Wednesday 9 March 2016

118) “Furthermore, the velocity and path of the Moon are uniform and should therefore exert a uniform influence on the Earth’s tides, when in actuality the Earth’s tides vary greatly and do not follow the Moon”.

Let's claim something demonstrable false, and then make a point of something clear.


First off, the velocity and path of the moon are anything but constant/uniform. 

And of course closed surfaces don't experience clear tides, the water can't flow. Still, the Great Lakes do have tides

The LHC actually corrects for the tides. 


The moon is the main cause of tides, but there are other factors that affect the size and timing of the rise and fall. The shape of the land at the edge of oceans influences the tides, too. For instance, if water is drawn into a narrow channel , it “piles up” and the tide becomes higher.

Another factor is that the Sun also exerts a gravitational pull. Everything does, in direct proportion to it’s mass and in inverse proportion to the square of its distance. The Sun is much more distant, but much much more massive than the moon, so it too pulls on the oceans a little.

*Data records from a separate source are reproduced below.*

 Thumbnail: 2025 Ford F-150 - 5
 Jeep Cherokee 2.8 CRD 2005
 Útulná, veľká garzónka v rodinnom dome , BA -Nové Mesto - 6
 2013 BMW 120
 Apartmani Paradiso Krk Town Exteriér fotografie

When the Moon and the Sun are lined up more or less on the same side of the Earth, the gravity of each is pulling in the same direction. Then we get ‘spring tides’

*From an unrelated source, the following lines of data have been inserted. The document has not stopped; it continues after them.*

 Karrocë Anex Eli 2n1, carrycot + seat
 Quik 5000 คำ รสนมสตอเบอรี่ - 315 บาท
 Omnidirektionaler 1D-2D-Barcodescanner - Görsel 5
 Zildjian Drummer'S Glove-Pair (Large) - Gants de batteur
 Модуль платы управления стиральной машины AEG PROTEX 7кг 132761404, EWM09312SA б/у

When the Sun and moon are at right angles to each other, their gravity pulls in different directions, we get ‘neap  tides’, whch are much lower. All perfectly logical. No contradictions.

You go on: “Earth’s lakes, ponds, marshes and other inland bodies of water also inexplicably remain forever outside the Moon’s gravitational grasp! If “gravity” was truly drawing Earth’s oceans up to it, all lakes, ponds and other bodies of standing water should certainly have tides as well.”

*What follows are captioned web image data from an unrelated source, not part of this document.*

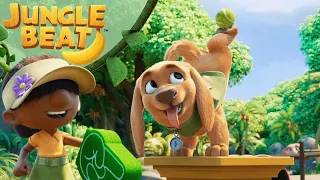 Good Dog | Jungle Beat | Cartoons for Kids | WildBrain Bananas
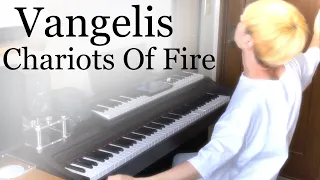 【Piano】Vangelis 『Chariots Of Fire』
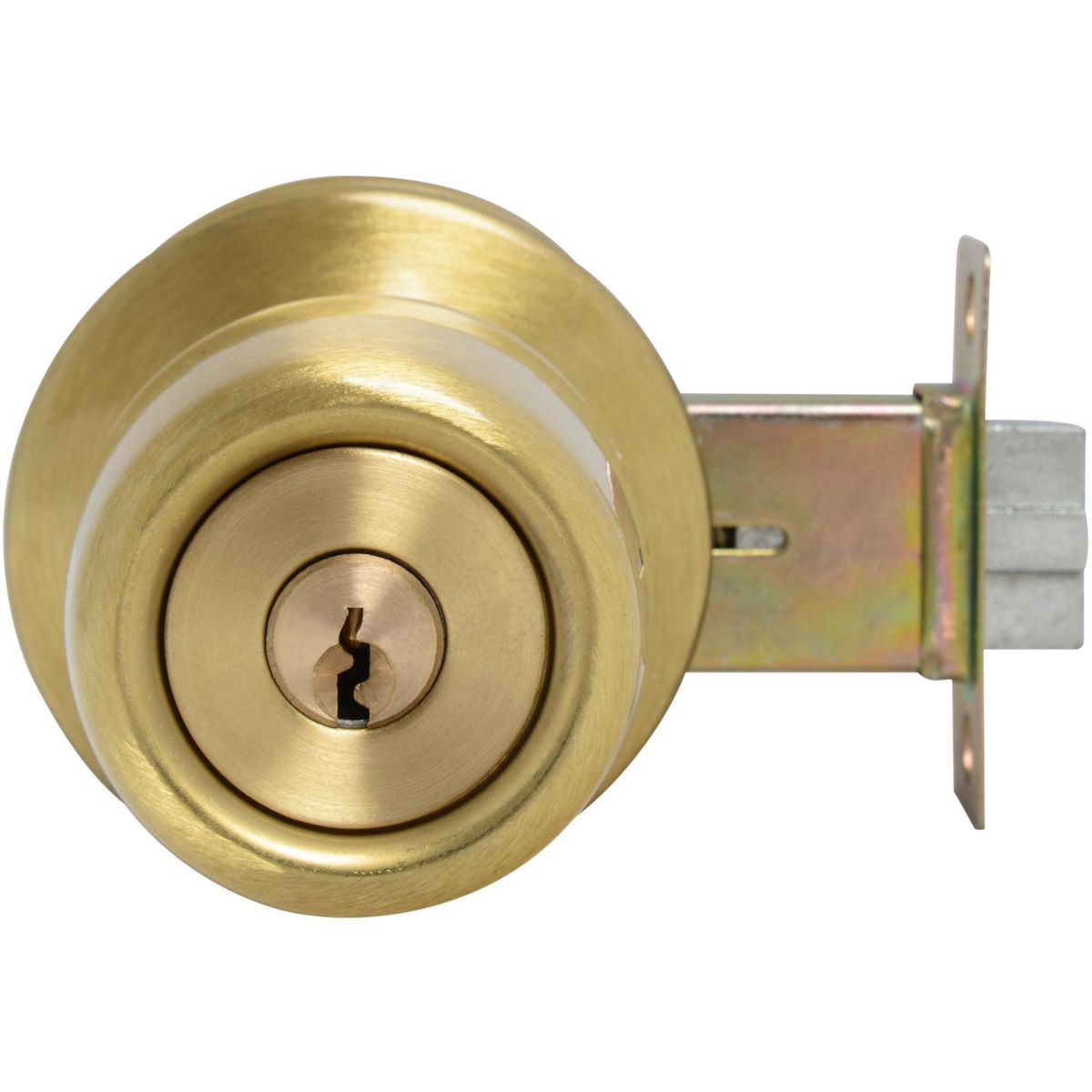 POLI - Cerradura acceso 14302 bronce envejecido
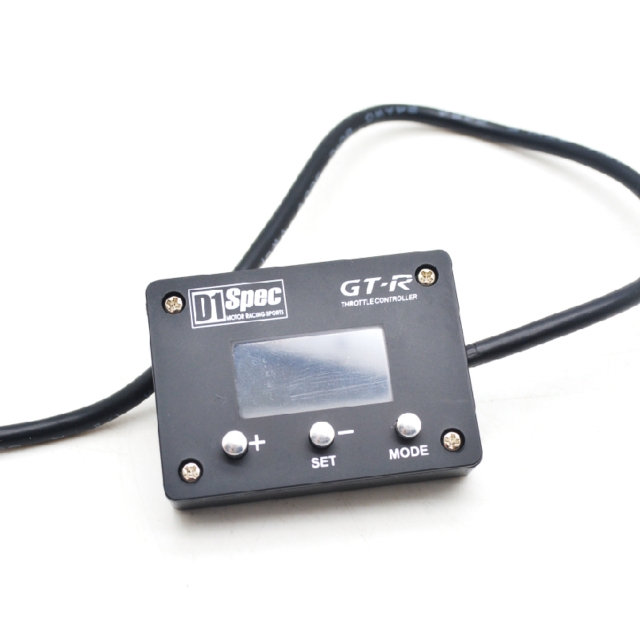 GT-R Throttle Controller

Ask yourself: what is the main difference between lakes and ponds, on the one hand, and seas and oceans on the other? Size! That answers your questions. A pond is far too small for the effect of the moon’s gravity to be noticeable. When there is much more water, its rise and fall is much more obvious.

And smaller seas, like the Mediterranean, have smaller tides than the great oceans, like Atlantic or Pacific, for the same reason.

Incomprehension of the model

1) The orbit of the moon is not uniform. The moons' distance varies between 363,000km and 405,000km and not only that, the orbit itself rotates over 9 years.



2) Tides are not only influenced by the moon. The sun's tidal force is 46% as large as that of the moon. That's the reason why we have spring and neap tides.



3) A body of water has to be large enough for it to be noticeably tide-effected. Big lakes have tides in the cm-range, but they are almost not noticeable.